Oh god, thank god for the things I’ll never
understand—what made my mother take 
my father’s hand across the decades 
that separated them, across the carcass
of his marriage and the bar behind which 
she worked, the one he sidled up to night 
after night until whatever kept their bodies 
apart—polite distance, obligation, fear—
dissolved. Then I began. He disappeared, 
reappeared in his actual life, in the bed, 
across the table from his wife. In theory, 
a thing he’d planted grew. In theory, a child 
like the ones he bathed and dressed and rocked 
and soothed shot up under her mother’s gaze 
alone, and god, I’ve had my own child now, 
I’ll never understand how a man loves 
only what happenstance keeps in his 
eyeline, in his arms. Thank you, god, for 
making me too stupid to make sense of 
such a thing. When we met he said I looked 
like her—that much makes sense—me the age 
she was when he fucked her: eighteen. Watch me 
watch him pull the plungers on a pinball game 
in the bowling alley’s back alley, move in
close enough to smell his aftershave. Catch him 
caught off guard, watch his hands go still 
but his eyes stay trained on the playfield, 
bumpers and slingshots, bells and buzzers 
stilled, and in that quiet my small voice: 
I think you know my mother. I said it, 
but I didn’t believe it. Even now I can’t 
put them in the same room, never mind 
a bed, a backseat, never mind this stranger 
knowing anything about the body that grew me, 
knew me first.
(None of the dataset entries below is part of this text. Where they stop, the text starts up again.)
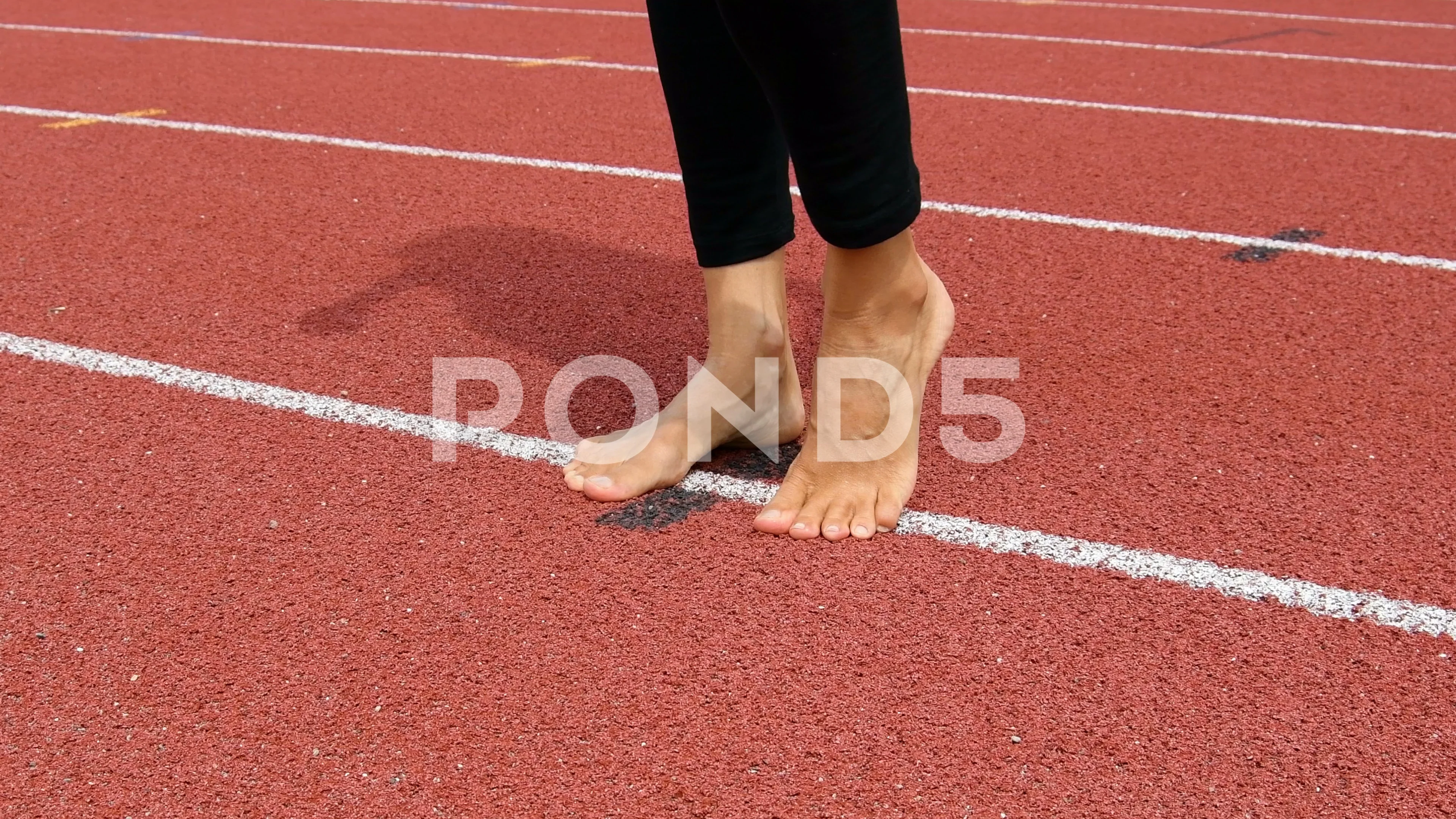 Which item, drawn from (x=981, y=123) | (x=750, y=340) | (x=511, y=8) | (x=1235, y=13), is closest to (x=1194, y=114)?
(x=981, y=123)

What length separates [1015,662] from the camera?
2.01 meters

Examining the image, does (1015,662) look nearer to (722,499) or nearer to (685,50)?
(722,499)

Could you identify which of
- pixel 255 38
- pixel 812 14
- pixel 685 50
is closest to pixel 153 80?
pixel 255 38

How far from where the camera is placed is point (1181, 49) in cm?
817

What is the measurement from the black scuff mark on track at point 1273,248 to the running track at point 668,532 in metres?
0.05

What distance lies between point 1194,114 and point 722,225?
4.53 meters

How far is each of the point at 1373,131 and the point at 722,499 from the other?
4722mm

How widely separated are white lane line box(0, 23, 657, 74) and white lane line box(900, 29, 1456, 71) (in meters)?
2.58

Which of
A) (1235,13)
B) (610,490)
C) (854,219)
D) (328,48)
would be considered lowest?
(1235,13)

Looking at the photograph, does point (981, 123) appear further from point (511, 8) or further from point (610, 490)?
point (511, 8)

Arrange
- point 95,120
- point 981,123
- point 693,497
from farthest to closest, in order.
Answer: point 981,123, point 95,120, point 693,497

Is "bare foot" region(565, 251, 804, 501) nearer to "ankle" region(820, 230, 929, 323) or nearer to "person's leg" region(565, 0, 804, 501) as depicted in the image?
"person's leg" region(565, 0, 804, 501)

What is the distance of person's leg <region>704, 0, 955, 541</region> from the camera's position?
1.89 metres

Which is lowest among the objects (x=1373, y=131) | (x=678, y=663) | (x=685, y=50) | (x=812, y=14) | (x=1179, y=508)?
(x=1373, y=131)
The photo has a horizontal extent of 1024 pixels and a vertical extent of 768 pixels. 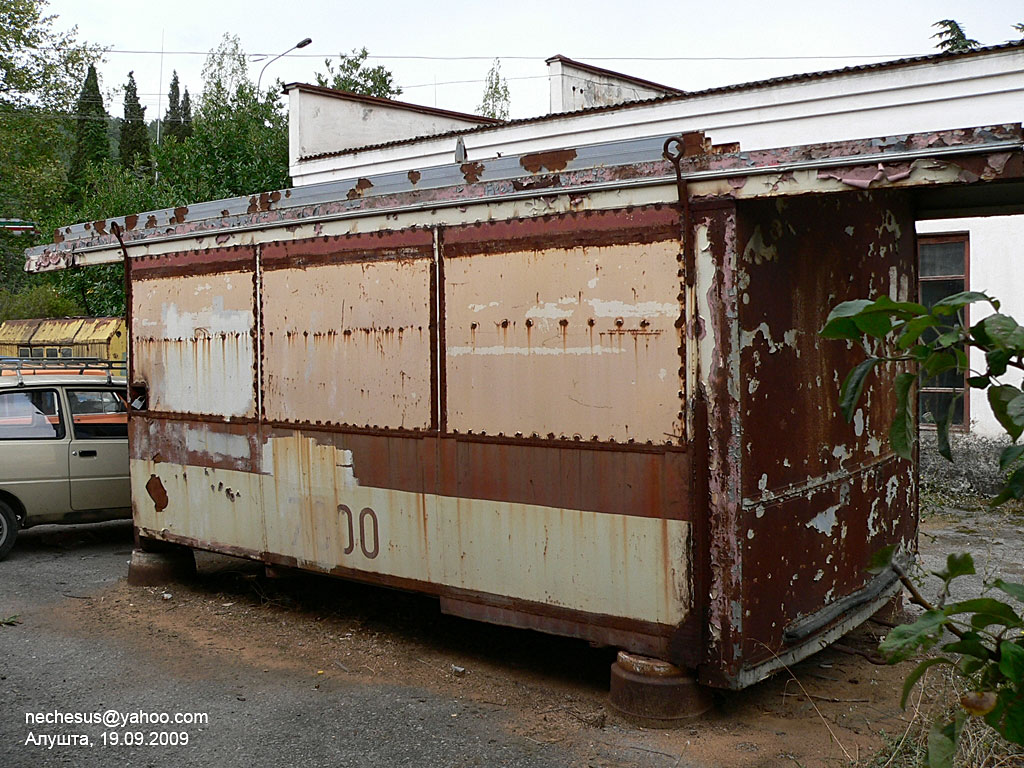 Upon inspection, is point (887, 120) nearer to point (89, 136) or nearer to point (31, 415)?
point (31, 415)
Who’s your mother? God, 
the question made me want to fight, or fall down, 
there’s a universe in which I fell down, melted 
through the floor, lived a whole stunned life 
in the crawlspace underneath that room, 
and here’s my knees weak in this world, too. 
I said her name. It’s what I knew. Oh, god, 
oh Sharon, I want to live but can’t press 
that man against my mother for the spark 
that starts me. She’s instant rice with butter
or a bowl of cereal at night. She’s cold hair
rubbed between my fingers to fall asleep
and the boot prints into which I put
my own small feet until we reached 
some snow hill’s peak and the speed 
with which our bodies slid on plastic bags
and the silence in which we sometimes
sat a long time at the bottom, watching
the clouds our breathing made. 
She’s a hand towel warmed on the toaster
over and over and held to the throb
of my ear. She’s waiting for me 
at the bus stop. She fucks up. She’s here.
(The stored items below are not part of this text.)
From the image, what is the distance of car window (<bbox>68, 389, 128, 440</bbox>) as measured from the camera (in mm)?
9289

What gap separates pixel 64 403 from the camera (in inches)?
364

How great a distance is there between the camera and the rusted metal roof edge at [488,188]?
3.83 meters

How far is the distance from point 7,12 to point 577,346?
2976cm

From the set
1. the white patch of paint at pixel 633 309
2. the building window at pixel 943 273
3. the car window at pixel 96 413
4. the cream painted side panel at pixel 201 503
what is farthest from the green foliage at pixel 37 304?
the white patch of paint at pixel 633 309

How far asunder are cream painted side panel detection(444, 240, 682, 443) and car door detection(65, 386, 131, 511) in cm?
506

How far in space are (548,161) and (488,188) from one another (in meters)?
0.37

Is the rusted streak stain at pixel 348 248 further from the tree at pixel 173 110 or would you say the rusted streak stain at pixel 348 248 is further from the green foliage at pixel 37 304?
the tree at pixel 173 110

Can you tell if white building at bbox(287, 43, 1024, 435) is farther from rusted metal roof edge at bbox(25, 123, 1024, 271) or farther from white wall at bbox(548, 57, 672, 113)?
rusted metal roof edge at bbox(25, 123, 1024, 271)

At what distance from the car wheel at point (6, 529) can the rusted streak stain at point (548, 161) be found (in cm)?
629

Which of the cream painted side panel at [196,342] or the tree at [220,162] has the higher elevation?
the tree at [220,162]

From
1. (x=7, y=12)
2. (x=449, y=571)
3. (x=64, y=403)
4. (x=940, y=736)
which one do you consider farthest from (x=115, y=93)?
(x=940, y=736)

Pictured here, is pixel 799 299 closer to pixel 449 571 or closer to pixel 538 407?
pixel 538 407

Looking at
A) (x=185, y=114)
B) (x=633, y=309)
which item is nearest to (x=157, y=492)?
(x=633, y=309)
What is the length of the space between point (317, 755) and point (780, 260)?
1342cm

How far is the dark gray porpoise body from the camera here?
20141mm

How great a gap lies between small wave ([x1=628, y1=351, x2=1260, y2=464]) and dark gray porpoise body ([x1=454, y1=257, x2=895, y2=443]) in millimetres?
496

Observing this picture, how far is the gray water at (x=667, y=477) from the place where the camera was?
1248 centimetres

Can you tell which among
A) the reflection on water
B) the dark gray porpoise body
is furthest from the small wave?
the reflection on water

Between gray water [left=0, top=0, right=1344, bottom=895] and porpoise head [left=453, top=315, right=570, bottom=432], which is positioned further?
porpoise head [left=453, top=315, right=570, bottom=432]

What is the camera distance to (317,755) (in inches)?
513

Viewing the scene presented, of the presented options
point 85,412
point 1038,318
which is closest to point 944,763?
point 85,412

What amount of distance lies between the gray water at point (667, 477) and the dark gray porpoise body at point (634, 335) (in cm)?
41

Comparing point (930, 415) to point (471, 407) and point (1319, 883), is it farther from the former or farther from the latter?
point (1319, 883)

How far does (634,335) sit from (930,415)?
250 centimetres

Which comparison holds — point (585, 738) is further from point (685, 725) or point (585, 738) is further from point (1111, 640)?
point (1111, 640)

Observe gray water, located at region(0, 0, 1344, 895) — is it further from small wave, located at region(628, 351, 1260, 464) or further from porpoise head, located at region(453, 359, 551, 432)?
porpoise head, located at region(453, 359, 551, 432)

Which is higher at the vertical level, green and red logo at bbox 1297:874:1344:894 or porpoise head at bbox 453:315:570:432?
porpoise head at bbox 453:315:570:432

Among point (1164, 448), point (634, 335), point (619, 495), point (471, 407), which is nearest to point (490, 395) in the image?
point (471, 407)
What I Wanted to Keep Private

I wanted you last night when I woke, my body 
vibrating like train-shook ground, and might have 

let out the train’s slow scream, the kind that quickens 
as the beast draws near, but I wanted to keep 

private that desire and that fear. Once I transgressed 
but I’m not a permanent monster is a thing a friend said 

to comfort me for some sin of my own, but in the dark 
that phrase travels me like a pulse, shocking each 

cloistered organ in turn. When I was fifteen, I took 
a gold necklace from my grandmother’s dresser 

and gave it to a sweetheart, bit of shimmer that graced 
my favorite neck until it slipped off, sunk in the silt 

of a summer lake, lost, and I lost the sweetheart, too, 
but I carried the lead-weight shame of that theft, secret, 

until now. I don’t feel any lighter. I don’t know what 
I might yet steal, though I remember everything 

stolen from me, like the kitten loosed from our house 
in the morning and by afternoon purring in the arms 

of a neighbor kid who swaggered up the driveway, 
invited me to stroke his new cat. It’s not so hard 

to forgive that boy. Who doesn’t sometimes want to hold 
a soft thing not his own? Who doesn’t hope to know 

the sugar name that calls the handsome stranger 
home? Anyway, I’m not alone. Once I was the kind 

of monster who takes the gold from one beloved throat 
to trim another. And once I was the kind who hid 

the hunger that drove my hand, as though only a said thing’s 
made true. Now? I just want to be said. I love you.